Posts Tagged ‘holistic’

Acupuncture and Oppositional Defiant Disorder

Tuesday, June 7th, 2011

Recently there has been some degree of outrage about a 14 year old “asbo yob” receiving taxpayer funded acupuncture treatment in an attempt to moderate his behaviour. One senses that some of the outrage may stem from the belief that “yobs” should be punished, not given what may be perceived as “feel-good” treatments, but this misses the point completely – if the treatment works and the boy in question stops causing such mayhem, then everybody wins.

However, opposition to the acupuncture treatment also comes from the belief that there is no evidence that acupuncture works for “Oppositional Defiant Disorder” which is – apparently – the diagnosis which has been made in this case. My colleague Sean Barkes was recently asked to discuss this case on BBC Radio Humberside. The debate became one of research availability. Whilst the detractors argue there is no evidence to suggest that traditional acupuncture might be helpful for ODD, Sean argued that there was. My colleague’s point was that there is an abundance of research to show that acupuncture is helpful in improving health in humans, including mental health. Inevitably, physical and mental health status affects behaviour. The other point he was trying to make was that, even if positive research evidence were available relating to the acupuncture treatment of ODD, it would not be relevant for this specific case as it is the cost to society that is the key point here.

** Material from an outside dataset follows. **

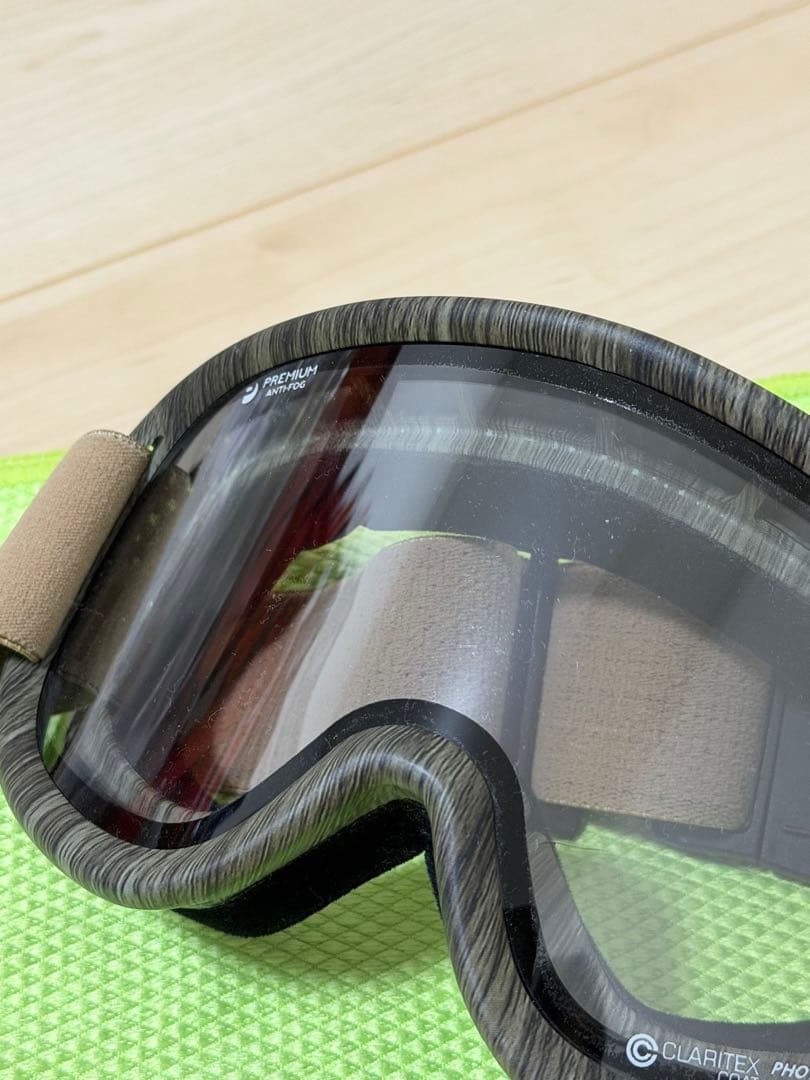 スキー・スノーボードアクセサリー REVOLT SUPER LIGHT FRAM Pistaccio / Wood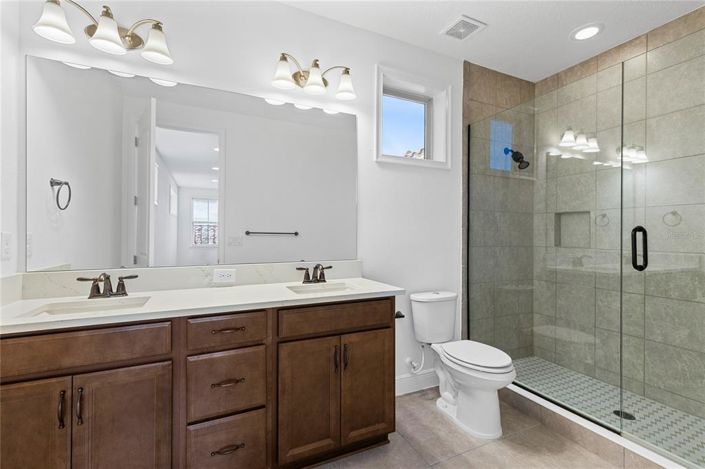 Image No.18-5 Bed House for sale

There is a lot of research to show that acupuncture has a positive effect on people both mentally and physically; for example, it is at least as effective as anti-depressant medication in treating depression (1), it is more effective than hypnotic drugs (sleeping tablets) at treating insomnia (2), and is at least as effective as drug-therapy for managing migraines (3). Therefore we can say that it is likely to have a beneficial effect in this case. If orthodox solutions have been tried and not been effective, something needs to be done. If we know that acupuncture may have a positive effect on this individual’s mental states, it may well be that acupuncture is worth trying. What, after all, is the alternative? The alternative is probably to lock him up. This, I don’t doubt, would be a whole lot of a bigger financial burden on the tax-payer than a mere £40 a week acupuncture treatment. So there is a case to be made that trying acupuncture may well save the tax-payer a lot of money; furthermore, if it is successful, it may encourage further research in the area, which might just mean that the tax-payer saves an awful lot of money.

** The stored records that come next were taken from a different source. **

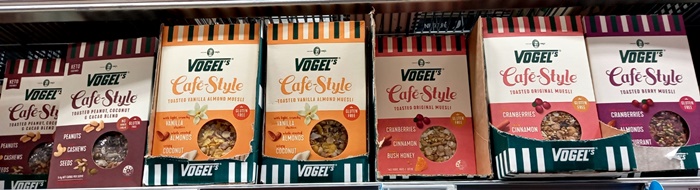スーパーマーケットの棚に並ぶVogel'sのCafe Styleミューズリー商品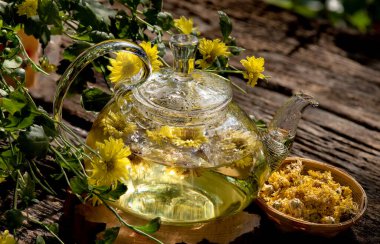 Doğal arkaplanda kasımpatı çiçeği çayı.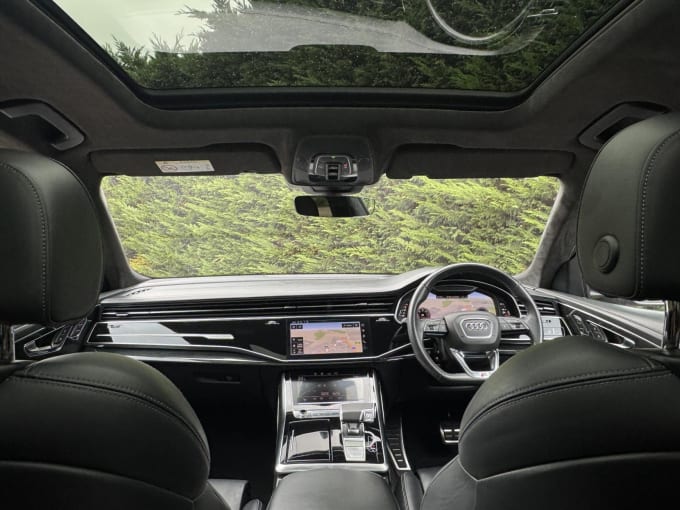 2020 Audi Q8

It is too simplistic to argue that there is no research to support the use of acupuncture in this case. Evidence for the efficacy or otherwise of any treatment for any condition does not just appear. If you have a condition for which you do not have an effective treatment, you have to try something. If you have positive results, and you can repeat these in a few other cases, you can start thinking about doing some proper research. I would think that the people responsible for trying acupuncture here deserve some credit for a bit of initiative, and in fact for looking for a solution which is much more economical than most.

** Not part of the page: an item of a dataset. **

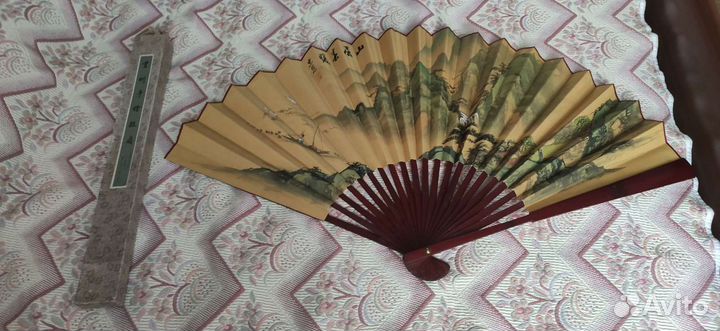Веер декоративный, дерево и бумага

A further relevant point here is the way that research is done on the effectiveness of a holistic treatment such as traditional acupuncture. Such treatment is targeted at the individual patient, rather than at the specific condition, such as ODD. However, the usual research methodology, epitomized by the Randomized Controlled Trial, focuses down onto the condition, and pretty much ignores the larger context of the patient’s general health. An RCT investigating the effectiveness of a drug to counteract high blood cholesterol, for instance, may conclude that the drug in question is effective in lowering cholesterol levels, but it does not measure or take into account such things as the side effects of that drug. The question such a trial should really address is, do people live longer when they are on the drug in question – and, perhaps, do they have a better quality of life. If people’s life expectancy is not improved by the drug, and if their quality of life is impoverished, then the fact that their cholesterol levels are lowered is of little consequence. This example illustrates the main weakness of modern western medicine, which all too easily falls into the trap of treating the condition rather than the person. It is no good improving one isolated aspect of the person’s health if their overall health suffers.

So similarly in a case like this, one would want some research which investigated, say, whether traditional acupuncture treatment reduces the cost to society of young offenders, rather than whether it helps with ODD specifically. After all, it would be of little consolation to anyone if the lad in question displayed improvement in the symptoms of ODD, such as fewer angry outbursts and less resentment, but continued with a life of crime anyway.

So, far from outrage, a more reasonable response to this story would be to welcome the possibility that a very economical holistic therapy such as acupuncture may have an important part to play in managing these kinds of anti-social behaviours in a cost-effective way. But the research which needs to be done to find out whether this indeed may be a viable approach needs to avoid over-focusing on conditions such as ODD and measure whether there is a reduction in violent and anti-social behaviour.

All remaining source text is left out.